In cases of small lesions involving less than one-third of the surface of the femoral head, rotational osteotomy has been very successful. The procedure involves making a cut through the bone and turning the head of the femur so that the necrotic bone is no longer bearing any weight.
Artificial Hip Replacement
When AVN is in the advanced stages, the condition is no different from osteoarthritis of the hip joint. Your surgeon will probably recommend replacing the hip with an artificial hip joint. For those patients with a limited bone defect that only affects the femoral head and does not extend into the hip socket, a resurfacing procedure might be considered. Hip resurfacing arthroplasty is a type of hip replacement that replaces the arthritic surface of the joint but removes far less bone than the traditional total hip replacement.

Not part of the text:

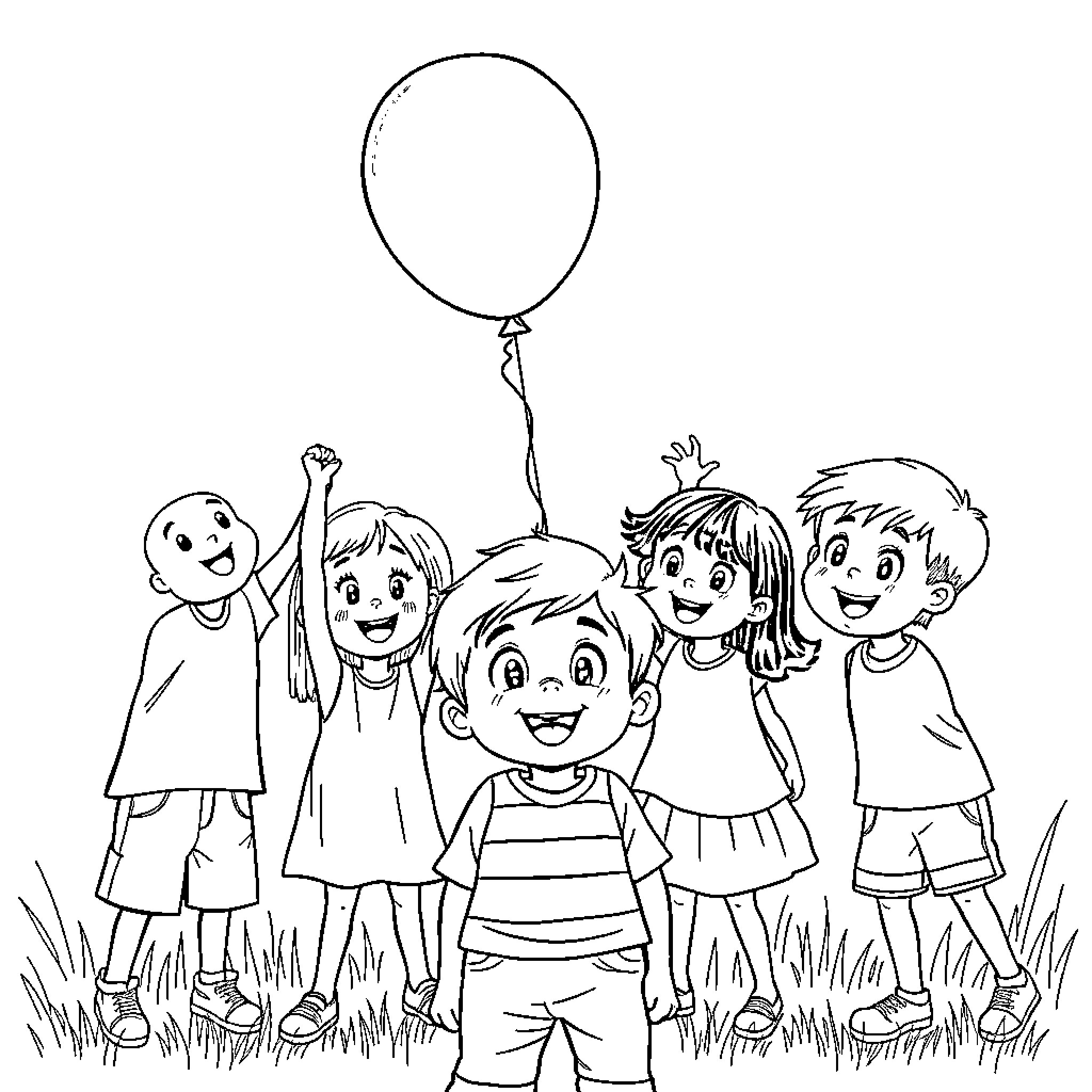 Kid friends playing with balloon in field Coloring Page (free black-and-white line drawing printable PDF for all, from beginners to advanced learners, including children, teens, adults, and seniors)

Related Document: A Patient’s Guide to Artificial Joint Replacement of the Hip
Related Document: A Patient’s Guide to Hip Resurfacing Arthroplasty
What should I expect following treatment?
You may work with a physical therapist who will show you ways to safely move and stretch your hip. The goal is to keep your hip mobile and to avoid losing range of motion. Your therapist will also instruct you to use a walker or crutches. Keeping weight off your hip while you are standing or walking may help the bone to heal while protecting the femur from further damage.
After a simple drilling operation, you will probably use crutches for six weeks or so. The drill holes weaken the bone around the hip, making it possible to fracture the hip. Using crutches allows the bone to heal safely and reduce the risk that you may fracture your hip. Patients who have had bone and blood vessels grafted are required to limit how much weight they place on the hip for up to six months.
When you are safe in putting full weight through the leg, your doctor may have you work with a physical therapist to help regain hip range of motion and strength.
Patients who require hip resurfacing or artificial hip joint replacement follow a structured program of physical therapy beginning shortly after surgery.